What this task involves.
Output every line from the beginning of the records through the line that contains "Pastry preparation. Mixing", exactly as it appears.

Short web captions:
---+---
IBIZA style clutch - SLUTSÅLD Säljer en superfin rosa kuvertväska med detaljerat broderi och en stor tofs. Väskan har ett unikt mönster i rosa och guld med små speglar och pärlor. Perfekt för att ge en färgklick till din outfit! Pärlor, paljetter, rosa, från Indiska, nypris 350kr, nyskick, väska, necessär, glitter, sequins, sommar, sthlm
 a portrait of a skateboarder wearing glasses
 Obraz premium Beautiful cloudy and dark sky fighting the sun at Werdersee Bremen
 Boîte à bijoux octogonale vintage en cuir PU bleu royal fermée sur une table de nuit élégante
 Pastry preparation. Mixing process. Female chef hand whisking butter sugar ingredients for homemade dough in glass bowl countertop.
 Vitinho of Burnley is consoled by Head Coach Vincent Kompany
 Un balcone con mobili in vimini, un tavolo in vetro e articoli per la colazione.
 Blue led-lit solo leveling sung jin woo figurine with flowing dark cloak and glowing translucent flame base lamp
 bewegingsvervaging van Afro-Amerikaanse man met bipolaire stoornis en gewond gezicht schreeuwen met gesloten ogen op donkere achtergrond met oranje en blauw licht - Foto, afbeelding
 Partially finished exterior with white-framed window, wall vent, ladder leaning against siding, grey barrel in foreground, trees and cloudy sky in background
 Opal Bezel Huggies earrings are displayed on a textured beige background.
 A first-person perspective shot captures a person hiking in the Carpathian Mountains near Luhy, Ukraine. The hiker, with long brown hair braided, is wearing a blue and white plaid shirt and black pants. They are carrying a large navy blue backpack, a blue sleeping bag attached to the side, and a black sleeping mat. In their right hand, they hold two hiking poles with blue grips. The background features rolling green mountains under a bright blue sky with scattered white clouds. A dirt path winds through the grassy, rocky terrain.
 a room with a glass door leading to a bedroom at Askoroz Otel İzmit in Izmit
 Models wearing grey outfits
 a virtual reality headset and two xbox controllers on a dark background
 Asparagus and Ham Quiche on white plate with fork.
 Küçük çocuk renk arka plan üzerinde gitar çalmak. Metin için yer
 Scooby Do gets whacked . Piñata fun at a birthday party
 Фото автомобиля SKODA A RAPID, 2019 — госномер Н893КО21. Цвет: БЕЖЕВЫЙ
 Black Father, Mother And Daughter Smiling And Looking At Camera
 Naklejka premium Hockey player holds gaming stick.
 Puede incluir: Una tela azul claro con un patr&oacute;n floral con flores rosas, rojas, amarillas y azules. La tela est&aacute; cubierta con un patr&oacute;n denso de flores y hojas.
---+---
Your response.
IBIZA style clutch - SLUTSÅLD Säljer en superfin rosa kuvertväska med detaljerat broderi och en stor tofs. Väskan har ett unikt mönster i rosa och guld med små speglar och pärlor. Perfekt för att ge en färgklick till din outfit! Pärlor, paljetter, rosa, från Indiska, nypris 350kr, nyskick, väska, necessär, glitter, sequins, sommar, sthlm
 a portrait of a skateboarder wearing glasses
 Obraz premium Beautiful cloudy and dark sky fighting the sun at Werdersee Bremen
 Boîte à bijoux octogonale vintage en cuir PU bleu royal fermée sur une table de nuit élégante
 Pastry preparation. Mixing process. Female chef hand whisking butter sugar ingredients for homemade dough in glass bowl countertop.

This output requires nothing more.